Spanish Taxes: Capital Gains Tax
The Spanish Government may need to restructure taxation laws for non-residents if found to be in breach of the EC Treaty.
The European Commission referred the Government to the Court of Justice following allegations of discrimination regarding Capital Gains Tax (CGT).
As the law in Spain currently stands, non-residents are liable to pay a tax rate of 19% on profits from the sale of a house, not 35%. This is deemed prejudicial because residents can benefit from exemptions and deductions, resulting in a maximum effective tax rate of around 15% under certain conditions.
The Capital Gains Tax law may contravene the EC Treaty because EU member states have agreed to four fundamental principles: the free movement of goods, persons, services, and capital. If Spain encourages investors to bring money into the country but heavily taxes them when they withdraw it, it may not be complying with the principle of free movement of capital. Additionally, if it discriminates against non-residents who are EU members, it could be violating the principle of free movement of persons.
A ruling is expected to find that Spain is in breach of the EC Treaty. A precedent for this was set in the Fokus case.
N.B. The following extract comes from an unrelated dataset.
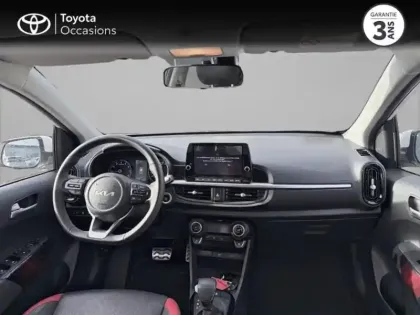 Photo 7 Kia Picanto  1.2 DPi 84ch GT Line Premium BVMA5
On 23rd November 2004, the EFTA (European Free Trade Association) Court ruled that the Norwegian tax credit system was discriminatory and contrary to the “free movement of capital” rule. While Norway has appealed this ruling to its Supreme Court, it has led to discussions about potential tax law changes in several European countries, including Spain.
Until the law changes, the bullet points below indicate whether you may be exempt from CGT or eligible for a reduction.
Exemptions:
Residents over 65 who have lived in their property for three years.
Rollover Relief: If the resident invests all the proceeds from the sale into another primary residence (the property must have been lived in for three years). If only a portion is reinvested, the remainder is liable for CGT.
Property purchased before 31st December 1986 is exempt for both residents and non-residents.
Pensioners who use the “Inherit From Yourself” scheme, which allows them to live in their property for the rest of their lives while accessing some of its equity.
Reductions:
Non-residents can apply for reductions but are not exempt from CGT.
Property purchased after 1994 may apply for an inflation factor to reduce the amount of CGT paid.
All official expenses incurred in acquiring the property (e.g., notary fees) can be offset against CGT.
Applying for residency may allow individuals to be liable for a maximum of 15%.